The Drought Watch Has Ended

The US Geological Survey (USGS) resumed their data collection activities in Nassau County in the spring of 2016. Their funding is continued until October 2018 by Nassau County.  It is not clear how much longer Nassau County alone will be able to continue to support the essential work of the USGS.   It is time for the State of New York to contribute to this critical work that annually monitors recharge rates, water table levels, stream flow and other data benchmarks.  Without the maintenance of long-term data collection, important efforts like modeling aquifer responses to drought, summer water demand, or unusual weather events will be harmed.  This year, 2018, the drought watch has ended and instead, Long Island is receiving above average precipitation.  In September  2018,  rainfall is about 7-8 inches above normal.  Data collection helps to understand how the aquifers respond to such changes.  In early 2018, USGS data show the aquifer system has not recovered from 3 years of below average rainfall and recharge.


Essential Information About Long Island's

Aquifer Systems


    1.    The groundwater stored in the aquifers beneath Long Island is a public resource that must be properly managed and continually monitored in order to assure that the public's health, safety, and welfare is protected and that the resource itself is preserved in the most sustainable manner possible.  Presently, this level of attention is not being given to the groundwater.

 

   2.  Unlimited drinking water is not guaranteed to the residents of Long Island.  Unlike other parts of New York State and New York City, the residents of Long Island do not have access to drinkable surface water, and  the New York City water supply is not an option for meeting future water needs, especially for Nassau County.  

   

   3.    In some parts of Nassau County, water withdrawals have exceeded sustainable levels of pumpage for some years.  Since the early 1990's, total water loss from the aquifer systems beneath Nassau County has regularly exceeded annual recharge.  This practice results in problems such as saltwater intrusion, the reduced stream flow, and the spread of contamination plumes into deeper levels of the aquifers where most drinking water is withdrawn. 

     

   4.  In 2017, Long Island still has the largest number of state and federal Superfund sites, 258,  in New York State.  Nassau County has the largest concentration of contaminated sites of any county in New York State with over 154 listed sites.  Remediation of these sites  is lagging years behind what is acceptable.  Many sites have been known of for decades and progress on cleanup is slow.  Each year that a site fails to be cleaned up, the groundwater plumes can spread further and deeper from the original source, polluting millions of gallons of additional groundwater.  Timely attention to these sites is grossly inadequate.  Even when the land at a contaminated site is cleaned up, the contaminated groundwater plume caused by the site may be left in place, without cleanup.  The plume may then continue to spread through the groundwater system.  During clean up operations, the cleaned groundwater may not always be returned to the aquifer system.  Instead, it is discharged as wastewater or to coastal waters and does not contribute to groundwater recharge.  This needs to change. 

     

    5.  In Suffolk County, due to the absence of centralized sewering (only 25% of Suffolk is sewered), untreated or poorly treated sewage (residential and commercial) is being discharged back into the aquifers.  This practice is leading to the growing contamination of shallow groundwater, some of which flows quickly into coastal waters, adding to poor coastal water quality there too.  

   

    6.  The NY State Department of Environmental Conservation (DEC) is the state agency responsible for protecting the quality and quantity of Long Island's groundwater supply.  Presently, the agency is unable to meet the needs of Long Island or to provide full scale oversight of this essential resource.  

     

    7.  The county health departments are responsible for the drinking water quality delivered by water suppliers, but they cannot assume the DEC's responsibilities for overall aquifer management.  

   

    8.  There are approximately 65 major public water suppliers on Long Island.  Their expertise is centered on drinking water production and delivery to the public.  It does not extend to regional groundwater management.  

   

    9.  Unlike 70% of New York State, Long Island has no groundwater resource manager with a full-time team of water experts dedicated to the constant monitoring, research and assessment of its groundwater and sole source aquifer system.  
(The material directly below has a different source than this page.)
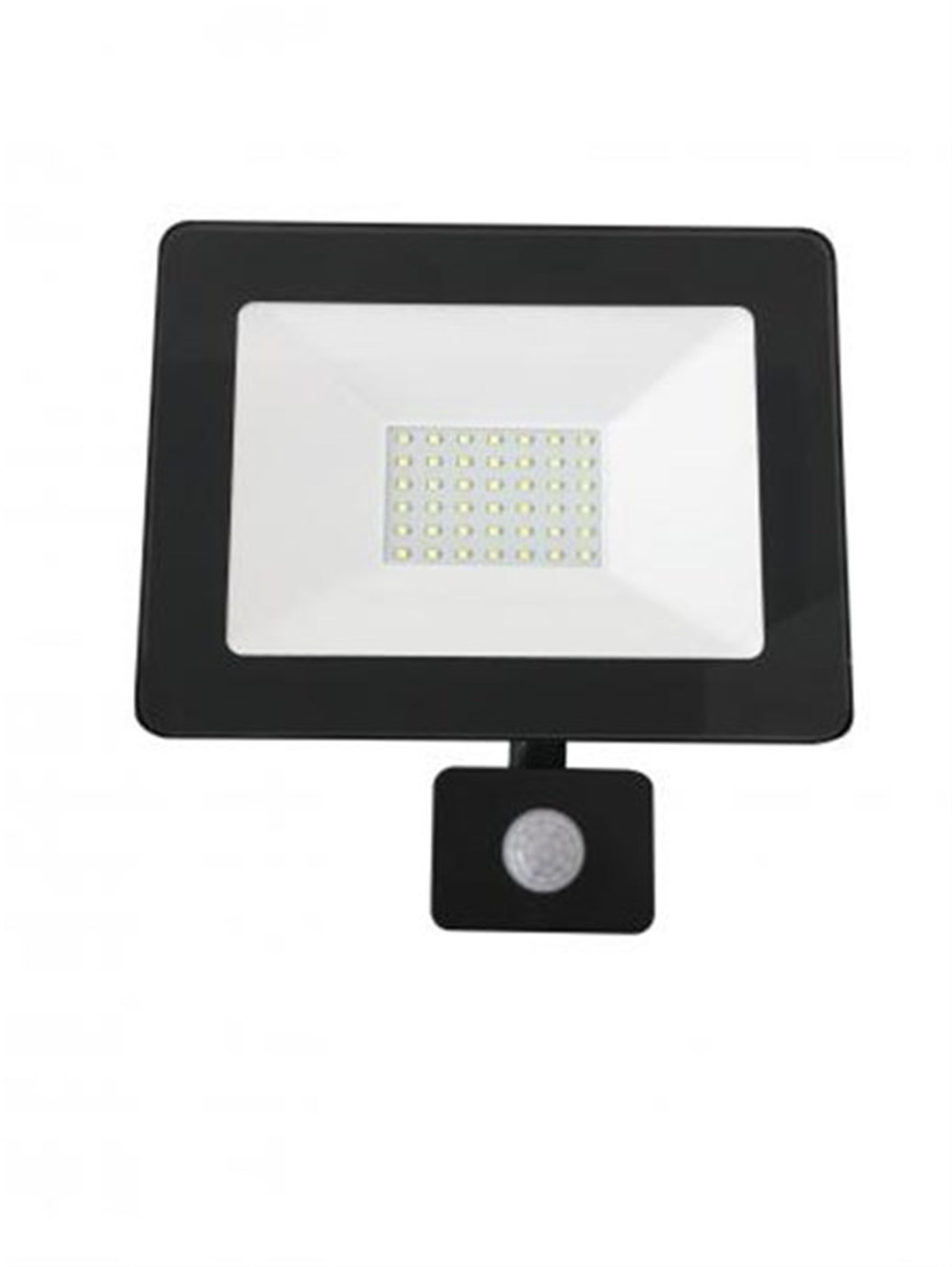 CT4653 30W BEYAZ IŞIK SENSÖRLÜ SLIM LED PROJEKTÖR CATA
10.  Groundwater withdrawals for Nassau County have been reported by NY State to be at least 15% above what the aquifers can sustainablly provide.  This condition has existed for nearly two decades. In January 2017, the NYS DEC directed all public water suppliers on Long Island to reduce summer water withdrawals by 15% within three to four years. This is a very positive step bringing water waste under control.


11.  2018 is the second of the three - four years that all water suppliers have been given to achieve at least a 15% reduction in summer water use by each district.  To reach this goal, both the water suppliers and the customers need to fully cooperate in doing their part to avoid water waste and excessive demand.  The main focus of this effort is to control peak summer water use.  


12.  The NYS DEC reports it is reviewing all the water conservation plans submitted by public water suppliers.  Then, suppliers will have to implement their plans and document water demand reductions.  Many water suppliers are addressing infrastructure issues first such as water leak detection programs and upgrading and inspecting water meters for water consumption accuracy.